Ma non appartengo alla schiera di chi se ne lamenta, anzi. Ricevere spunti, che illuminano quello che stai scrivendo e magari ti fanno cambiare direzione, lo considero una ricchezza, non un impoverimento.
Però è una cosa che noto sempre più spesso e che mi impegno ad osservare nella pratica quotidiana.
I social media non solo ti fanno dialogare con gli altri, ma ti fanno dialogare di più anche al tuo interno, man man mano che le voci dalla rete arrivano, uno dietro l’altra, spesso affastellate.
Sarà per questo, forse, che i momenti di concentrazione pura, quelli senza alcuna voce, me li vado a cercare sempre più spesso sul tappetino yoga. Lì tutto è solo respiro e presente, dal tallone che affonda nella terra alla sommità del capo che guarda verso il cielo (o viceversa), e l’unica cosa che devi fare è tendere verso un equilibrio che puoi raggiungere solo se ti concentri e ti scordi di tutto il resto.
Il saggio Patanjali, che più o meno duemila anni fa ha sistematizzato l’arte dello yoga, lo scrive in apertura dei suoi Yoga Sutra: lo yoga è la cessazione del turbinìo dei pensieri.
Impegnarsi a ricercare ogni giorno questa quiete non è la felicità, ma un modo di allenarsi a riconoscerla e ad apprezzarla.
Per chi scrive, poi, Patanjali è un doppio nume tutelare: è infatti anche l’autore della più importante codificazione della grammatica del sanscrito, il progenitore delle nostre lingue europee.
Molti inaugurano la loro pratica yogica ringraziando Patanjali “per la serenità e la santità della mente attraverso lo yoga, e la chiarezza e purezza della lingua attraverso la grammatica”.
Tutte le mattina, quando trovo quei minuti di tempo preziosi per la mia pratica, mi accorgo di quanto sia volatile e volubile il mio pensiero e inesistente la mia concentrazione nelle cose che faccio tutto i giorni.
Solo lì sul tappettino arriva quella presenza precisa, che non lascia spazio ad altro. In quel momento mi rendo conto che tutto il resto del tempo, del mio tempo, è gestito da altri ritmi, altri tempi, per i quali troppo spesso non ho un attivo ruolo decisionale.
Ho molto apprezzato la tua citazione di Terzani di inizio settimana.
Ti seguo con piacere.
a presto
LaFra
Salve Luisa, mi chiamo Carlo D'Angiò.
Avrei bisogno di scriverle in privato. Mi chiedevo se era possibile.

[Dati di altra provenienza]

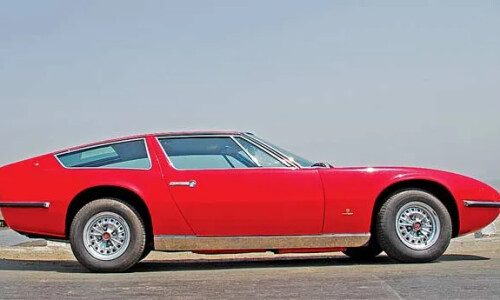 Maserati Indy #7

Mi perdoni, ma non ho trovato un modo per farlo.
Grazie.
Certo, Carlo.
L'indirizzo email è qui: http://www.mestierediscrivere.com/index.php/scrivi/
Luisa
Che difficile non andare vorticosamente avanti e indietro nel tempo con la popria testa! Comunque mi piacerebbe davvero vivere come questo studio suggerisce. Ci credo davvero che le migliori idee, o semplicemente la felicità, derivi dal momento presente. E stop.